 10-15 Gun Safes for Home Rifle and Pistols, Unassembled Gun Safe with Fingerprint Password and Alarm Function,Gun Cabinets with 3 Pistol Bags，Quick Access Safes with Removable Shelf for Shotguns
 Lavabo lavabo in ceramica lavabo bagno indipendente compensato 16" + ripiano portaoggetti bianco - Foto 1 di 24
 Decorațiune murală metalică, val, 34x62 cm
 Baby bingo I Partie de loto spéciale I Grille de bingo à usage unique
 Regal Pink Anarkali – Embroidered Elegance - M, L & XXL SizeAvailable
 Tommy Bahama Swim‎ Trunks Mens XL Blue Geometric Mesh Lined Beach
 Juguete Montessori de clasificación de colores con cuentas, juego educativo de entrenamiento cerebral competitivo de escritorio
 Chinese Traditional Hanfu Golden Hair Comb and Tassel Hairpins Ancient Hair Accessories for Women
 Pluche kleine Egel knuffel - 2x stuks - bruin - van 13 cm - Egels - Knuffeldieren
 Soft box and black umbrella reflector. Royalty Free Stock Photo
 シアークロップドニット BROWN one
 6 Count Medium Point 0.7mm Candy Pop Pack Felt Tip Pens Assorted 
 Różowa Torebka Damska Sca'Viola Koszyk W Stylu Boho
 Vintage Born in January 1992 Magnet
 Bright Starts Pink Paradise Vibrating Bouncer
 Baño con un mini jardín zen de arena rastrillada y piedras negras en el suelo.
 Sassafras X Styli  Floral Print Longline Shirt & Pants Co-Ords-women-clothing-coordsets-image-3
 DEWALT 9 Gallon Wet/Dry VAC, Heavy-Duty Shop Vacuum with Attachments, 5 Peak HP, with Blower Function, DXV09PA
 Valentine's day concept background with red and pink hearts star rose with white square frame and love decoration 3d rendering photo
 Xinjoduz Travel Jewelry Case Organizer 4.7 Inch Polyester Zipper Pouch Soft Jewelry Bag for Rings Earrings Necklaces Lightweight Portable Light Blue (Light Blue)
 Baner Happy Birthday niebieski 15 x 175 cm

──────────

For the string "Function", show each line of the listing where it appears.

 10-15 Gun Safes for Home Rifle and Pistols, Unassembled Gun Safe with Fingerprint Password and Alarm Function,Gun Cabinets with 3 Pistol Bags，Quick Access Safes with Removable Shelf for Shotguns
 DEWALT 9 Gallon Wet/Dry VAC, Heavy-Duty Shop Vacuum with Attachments, 5 Peak HP, with Blower Function, DXV09PA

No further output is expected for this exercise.